TASK TO COMPLETE:
Check the records below line by line. Give the count of lines with "Black", and nothing else.

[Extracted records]

--- --- ---

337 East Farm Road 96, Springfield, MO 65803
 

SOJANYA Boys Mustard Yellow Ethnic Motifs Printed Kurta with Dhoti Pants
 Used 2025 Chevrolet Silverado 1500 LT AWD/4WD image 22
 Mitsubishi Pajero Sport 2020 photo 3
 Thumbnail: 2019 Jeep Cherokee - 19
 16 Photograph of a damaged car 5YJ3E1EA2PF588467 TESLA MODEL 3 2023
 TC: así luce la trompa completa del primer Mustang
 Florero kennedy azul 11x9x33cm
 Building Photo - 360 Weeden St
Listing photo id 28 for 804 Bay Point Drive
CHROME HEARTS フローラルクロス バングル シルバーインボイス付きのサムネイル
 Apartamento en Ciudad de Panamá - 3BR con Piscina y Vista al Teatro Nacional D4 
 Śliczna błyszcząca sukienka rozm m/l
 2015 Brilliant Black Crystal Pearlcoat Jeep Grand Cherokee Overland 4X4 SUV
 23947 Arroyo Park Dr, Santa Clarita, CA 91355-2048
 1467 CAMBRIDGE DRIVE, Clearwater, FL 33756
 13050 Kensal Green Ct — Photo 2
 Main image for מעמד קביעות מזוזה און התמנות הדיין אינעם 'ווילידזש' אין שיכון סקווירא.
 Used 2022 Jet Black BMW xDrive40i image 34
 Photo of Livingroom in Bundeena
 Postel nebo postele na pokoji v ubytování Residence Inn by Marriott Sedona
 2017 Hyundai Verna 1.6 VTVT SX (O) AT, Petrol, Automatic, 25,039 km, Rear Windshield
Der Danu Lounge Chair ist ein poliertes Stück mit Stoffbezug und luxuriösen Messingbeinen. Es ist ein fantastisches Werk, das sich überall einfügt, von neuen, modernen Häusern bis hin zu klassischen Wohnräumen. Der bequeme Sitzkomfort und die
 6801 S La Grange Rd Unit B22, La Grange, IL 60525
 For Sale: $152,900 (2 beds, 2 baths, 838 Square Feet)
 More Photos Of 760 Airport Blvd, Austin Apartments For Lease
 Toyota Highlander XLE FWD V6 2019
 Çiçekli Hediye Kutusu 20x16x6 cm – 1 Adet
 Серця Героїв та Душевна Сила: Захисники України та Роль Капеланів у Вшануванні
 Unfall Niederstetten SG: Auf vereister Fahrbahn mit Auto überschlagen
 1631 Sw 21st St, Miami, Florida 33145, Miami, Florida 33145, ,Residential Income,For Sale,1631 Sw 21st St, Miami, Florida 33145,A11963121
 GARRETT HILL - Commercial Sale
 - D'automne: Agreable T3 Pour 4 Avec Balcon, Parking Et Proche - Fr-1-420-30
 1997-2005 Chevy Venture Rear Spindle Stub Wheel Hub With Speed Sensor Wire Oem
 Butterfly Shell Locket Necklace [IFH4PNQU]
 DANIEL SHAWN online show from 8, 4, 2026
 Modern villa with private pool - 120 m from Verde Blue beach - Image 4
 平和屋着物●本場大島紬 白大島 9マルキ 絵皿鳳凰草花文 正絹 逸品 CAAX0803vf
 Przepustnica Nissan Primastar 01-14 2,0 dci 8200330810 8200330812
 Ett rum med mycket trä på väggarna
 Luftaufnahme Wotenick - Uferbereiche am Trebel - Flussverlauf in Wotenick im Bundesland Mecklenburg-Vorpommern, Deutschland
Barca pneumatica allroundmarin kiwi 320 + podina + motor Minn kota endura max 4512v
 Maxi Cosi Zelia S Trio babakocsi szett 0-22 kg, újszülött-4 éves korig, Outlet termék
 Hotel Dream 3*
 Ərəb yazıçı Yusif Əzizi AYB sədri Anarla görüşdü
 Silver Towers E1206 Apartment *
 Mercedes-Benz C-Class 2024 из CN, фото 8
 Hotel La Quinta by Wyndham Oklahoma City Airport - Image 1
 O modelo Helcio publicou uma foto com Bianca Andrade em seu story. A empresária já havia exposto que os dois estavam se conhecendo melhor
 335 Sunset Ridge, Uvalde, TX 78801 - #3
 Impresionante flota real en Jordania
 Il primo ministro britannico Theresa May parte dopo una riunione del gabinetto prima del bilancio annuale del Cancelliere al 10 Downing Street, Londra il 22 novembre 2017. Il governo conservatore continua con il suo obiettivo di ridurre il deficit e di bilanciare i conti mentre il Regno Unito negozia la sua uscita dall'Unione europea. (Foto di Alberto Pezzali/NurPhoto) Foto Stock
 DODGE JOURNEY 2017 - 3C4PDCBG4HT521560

--- --- ---

TASK OUTPUT:
2